This book was amazing. It is a story about a mother and her son who are prisoners within an eleven-by-eleven room.
Jack and Ma live everyday by routine. They have Watch to tell them when to wake-up, eat, and sleep as Skylight doesn’t allow God’s face to shine into the room very much. To Jack, this room with all of his inanimate friends, Sundaytreat, and Wardrobe is all he has ever known. To Ma, this is the prison she has endured for 7 years to keep Jack safe from Old Nick, the twisted man who first abducted Ma when she was 19. But at the age of five, Jack is becoming more curious about Outside, fueling Ma’s desperation to escape. Together, they hatch a plan to outsmart Old Nick, and get Jack Outside to find help. But can they adjust to a new world after Room?
This story is told entirely in Jack’s voice, allowing the story to develop as Jack develops. Instead of becoming the horror story that it could have been, Jack believes that everything in room is wonderful and an adventure. He is safe in Room where it is only him and Ma. Through Jack, Emma Donoghue portrays the ease with which young children adapt to new environments. As Jack grows, he watches as Ma slowly begins to withdraw.
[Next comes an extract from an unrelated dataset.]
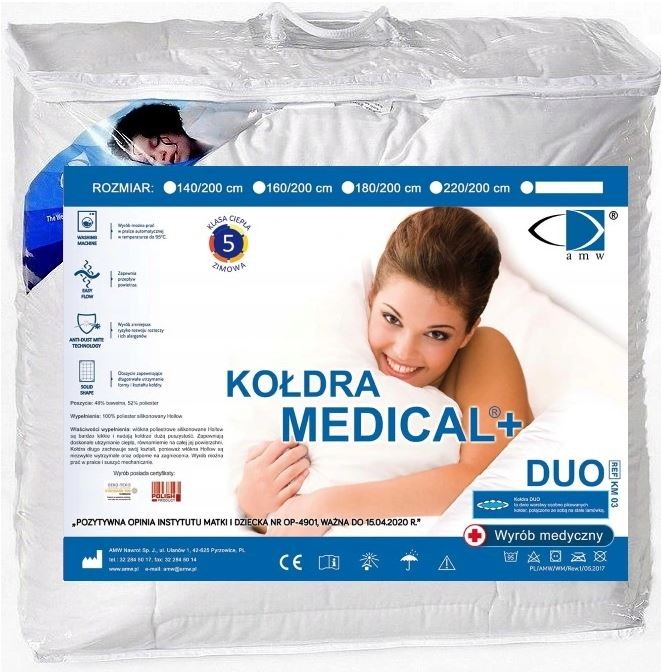 Kołdra Medical Duo 220x200 Medyczna Antyalergiczna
It is only when a crisis occurs, and Jack is taken from Ma to live with Grandma and Steppa, that we see him fully begin to shed the life of Room. Overall a story about perseverance, trust, empathy, fear, and dependence, Room will make you ask, “Could I have survived?”
Room was longlisted for the Booker prize, has won the Roger’s Writers’ Trust Fiction prize, and was a finalist for the GG award. It has garnered good reviews from Quill and Quire, Globe and Mail, and has been called a “gem” by Nicola Barr from Guardian.